* Required action: Your answer should be the lines from the start of the records through the line with "wall anchors", copied word for word.

* Supplied information:
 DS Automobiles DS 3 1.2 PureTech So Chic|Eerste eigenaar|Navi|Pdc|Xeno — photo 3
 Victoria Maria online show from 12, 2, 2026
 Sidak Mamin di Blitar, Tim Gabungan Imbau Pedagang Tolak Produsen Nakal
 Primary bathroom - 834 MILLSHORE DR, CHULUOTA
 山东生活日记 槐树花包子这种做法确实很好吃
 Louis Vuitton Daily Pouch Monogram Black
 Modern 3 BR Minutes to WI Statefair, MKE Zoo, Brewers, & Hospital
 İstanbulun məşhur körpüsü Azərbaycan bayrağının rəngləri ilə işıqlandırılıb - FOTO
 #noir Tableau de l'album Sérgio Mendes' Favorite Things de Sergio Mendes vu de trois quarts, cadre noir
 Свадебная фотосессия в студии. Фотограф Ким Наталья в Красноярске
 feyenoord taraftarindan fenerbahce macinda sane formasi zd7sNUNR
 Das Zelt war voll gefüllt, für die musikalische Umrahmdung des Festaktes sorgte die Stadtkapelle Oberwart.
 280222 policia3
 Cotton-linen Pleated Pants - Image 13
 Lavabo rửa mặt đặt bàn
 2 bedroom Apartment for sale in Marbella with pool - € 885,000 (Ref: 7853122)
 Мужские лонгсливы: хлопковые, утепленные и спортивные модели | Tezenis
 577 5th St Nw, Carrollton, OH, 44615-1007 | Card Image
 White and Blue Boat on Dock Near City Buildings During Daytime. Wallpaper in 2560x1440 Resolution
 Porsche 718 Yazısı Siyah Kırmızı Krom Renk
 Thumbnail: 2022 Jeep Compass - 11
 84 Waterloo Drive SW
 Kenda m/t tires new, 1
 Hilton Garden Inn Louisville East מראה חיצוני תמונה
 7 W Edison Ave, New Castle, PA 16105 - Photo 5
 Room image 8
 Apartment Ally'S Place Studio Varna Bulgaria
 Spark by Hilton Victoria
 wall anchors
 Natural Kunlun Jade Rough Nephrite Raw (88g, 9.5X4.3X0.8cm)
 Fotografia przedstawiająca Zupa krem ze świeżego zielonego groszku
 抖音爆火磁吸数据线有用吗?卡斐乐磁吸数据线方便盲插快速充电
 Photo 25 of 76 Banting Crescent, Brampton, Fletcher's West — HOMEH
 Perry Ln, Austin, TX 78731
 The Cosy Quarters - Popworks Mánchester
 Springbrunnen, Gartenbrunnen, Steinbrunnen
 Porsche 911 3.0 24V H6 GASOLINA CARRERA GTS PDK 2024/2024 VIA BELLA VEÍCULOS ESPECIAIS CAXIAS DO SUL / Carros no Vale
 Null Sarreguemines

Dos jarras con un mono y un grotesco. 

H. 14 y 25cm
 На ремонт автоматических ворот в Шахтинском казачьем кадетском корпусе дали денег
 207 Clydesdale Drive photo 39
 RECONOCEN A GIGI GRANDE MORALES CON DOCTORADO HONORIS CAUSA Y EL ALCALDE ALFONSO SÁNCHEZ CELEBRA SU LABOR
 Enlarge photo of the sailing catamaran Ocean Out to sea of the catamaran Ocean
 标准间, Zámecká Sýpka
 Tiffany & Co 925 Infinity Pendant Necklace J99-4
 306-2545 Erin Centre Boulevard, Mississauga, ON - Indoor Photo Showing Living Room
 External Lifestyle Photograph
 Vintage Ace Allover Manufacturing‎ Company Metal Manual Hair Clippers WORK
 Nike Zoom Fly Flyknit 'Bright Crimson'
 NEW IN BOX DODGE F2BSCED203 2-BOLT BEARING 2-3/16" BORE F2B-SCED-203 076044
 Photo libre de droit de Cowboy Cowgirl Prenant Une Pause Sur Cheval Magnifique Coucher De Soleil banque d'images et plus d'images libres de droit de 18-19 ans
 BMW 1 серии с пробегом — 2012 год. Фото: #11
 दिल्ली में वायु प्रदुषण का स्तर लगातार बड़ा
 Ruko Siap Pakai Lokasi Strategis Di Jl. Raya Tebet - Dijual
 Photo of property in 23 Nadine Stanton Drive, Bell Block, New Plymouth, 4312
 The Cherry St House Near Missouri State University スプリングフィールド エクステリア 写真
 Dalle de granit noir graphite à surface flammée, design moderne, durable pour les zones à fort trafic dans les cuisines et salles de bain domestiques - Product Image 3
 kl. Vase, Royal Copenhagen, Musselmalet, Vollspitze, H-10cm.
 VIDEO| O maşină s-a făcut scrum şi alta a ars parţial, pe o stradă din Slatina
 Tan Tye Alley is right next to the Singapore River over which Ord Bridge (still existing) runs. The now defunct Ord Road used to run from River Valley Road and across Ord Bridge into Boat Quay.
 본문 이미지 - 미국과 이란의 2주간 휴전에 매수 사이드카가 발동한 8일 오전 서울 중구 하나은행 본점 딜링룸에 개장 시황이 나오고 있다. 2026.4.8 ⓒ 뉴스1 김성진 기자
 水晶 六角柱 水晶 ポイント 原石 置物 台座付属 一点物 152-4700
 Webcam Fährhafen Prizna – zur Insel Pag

* Written solution:
 DS Automobiles DS 3 1.2 PureTech So Chic|Eerste eigenaar|Navi|Pdc|Xeno — photo 3
 Victoria Maria online show from 12, 2, 2026
 Sidak Mamin di Blitar, Tim Gabungan Imbau Pedagang Tolak Produsen Nakal
 Primary bathroom - 834 MILLSHORE DR, CHULUOTA
 山东生活日记 槐树花包子这种做法确实很好吃
 Louis Vuitton Daily Pouch Monogram Black
 Modern 3 BR Minutes to WI Statefair, MKE Zoo, Brewers, & Hospital
 İstanbulun məşhur körpüsü Azərbaycan bayrağının rəngləri ilə işıqlandırılıb - FOTO
 #noir Tableau de l'album Sérgio Mendes' Favorite Things de Sergio Mendes vu de trois quarts, cadre noir
 Свадебная фотосессия в студии. Фотограф Ким Наталья в Красноярске
 feyenoord taraftarindan fenerbahce macinda sane formasi zd7sNUNR
 Das Zelt war voll gefüllt, für die musikalische Umrahmdung des Festaktes sorgte die Stadtkapelle Oberwart.
 280222 policia3
 Cotton-linen Pleated Pants - Image 13
 Lavabo rửa mặt đặt bàn
 2 bedroom Apartment for sale in Marbella with pool - € 885,000 (Ref: 7853122)
 Мужские лонгсливы: хлопковые, утепленные и спортивные модели | Tezenis
 577 5th St Nw, Carrollton, OH, 44615-1007 | Card Image
 White and Blue Boat on Dock Near City Buildings During Daytime. Wallpaper in 2560x1440 Resolution
 Porsche 718 Yazısı Siyah Kırmızı Krom Renk
 Thumbnail: 2022 Jeep Compass - 11
 84 Waterloo Drive SW
 Kenda m/t tires new, 1
 Hilton Garden Inn Louisville East מראה חיצוני תמונה
 7 W Edison Ave, New Castle, PA 16105 - Photo 5
 Room image 8
 Apartment Ally'S Place Studio Varna Bulgaria
 Spark by Hilton Victoria
 wall anchors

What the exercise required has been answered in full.